Digging into these failed test assertions, you can see that there is a significant difference in behavior both on the result-by-result level and at the level of the full distribution. For the matched absolute difference, you see that the distribution of neutral sentiment has shifted well beyond the threshold.
When you study the KS test for the positive sentiment, you see a rather massive change in distribution; the original unimodal distribution on the right has shifted to a bimodal distribution on the left.
Clicking on the Compare button takes us to the page used to study how two runs relate through the various columns.

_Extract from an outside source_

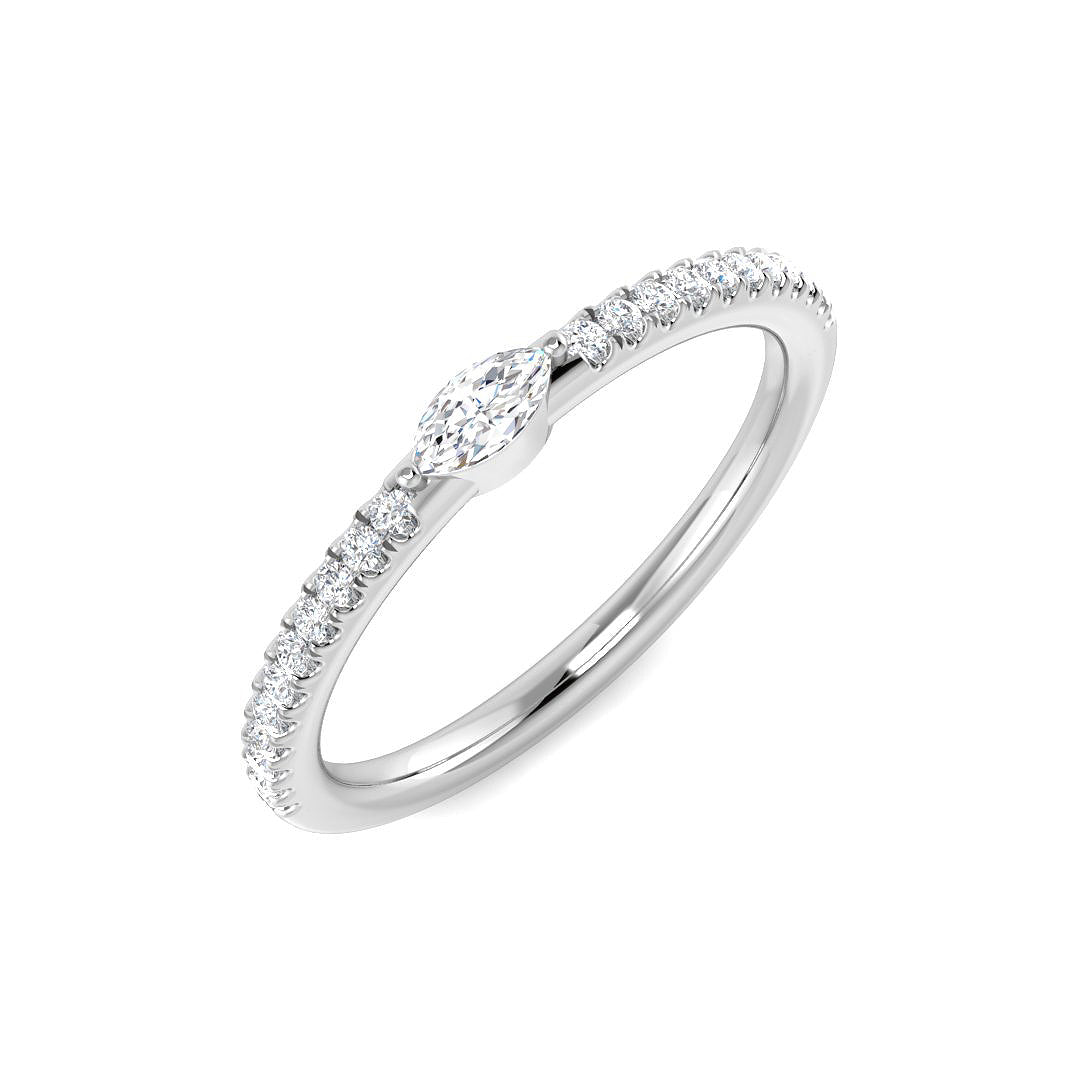 SR4377 — Ring - 9k White Gold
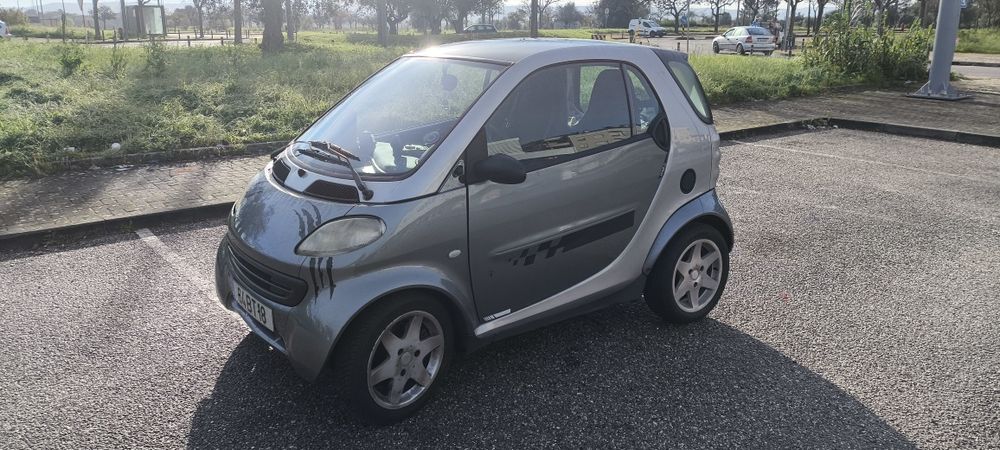 Smart Fortwo CDI Coupé Diesel com teto panorâmico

In particular, we can use the scatter plot functionality to study how the sentiment is a function of the tweets themselves.
You and your teammates can have a lively discussion regarding whether this is in fact desired behavior. But this test session alerted you to the change in behavior and provided follow up analysis on your data to understand how this change manifested and whether it is a problem.
In this test session, you see that the means of the distributions have not changed, but that the matched runs tests and nonparametric tests indicate significant change in app behavior.
Individual results have a neutral sentiment which have shifted by 0.23 on average. This change from the original sentiment classifier to the LLM-powered sentiment classifier was beyond the stated threshold.
This test of distributional similarity shows a striking shift from a unimodal distribution for the original sentiment classifier to a bimodal distribution for the LLM-based sentiment classifier.
This failed test assertion led us to the realization that the LLM-based sentiment classifier, for some reason, thinks long tweets usually have positive sentiment and short tweets lack positive sentiment.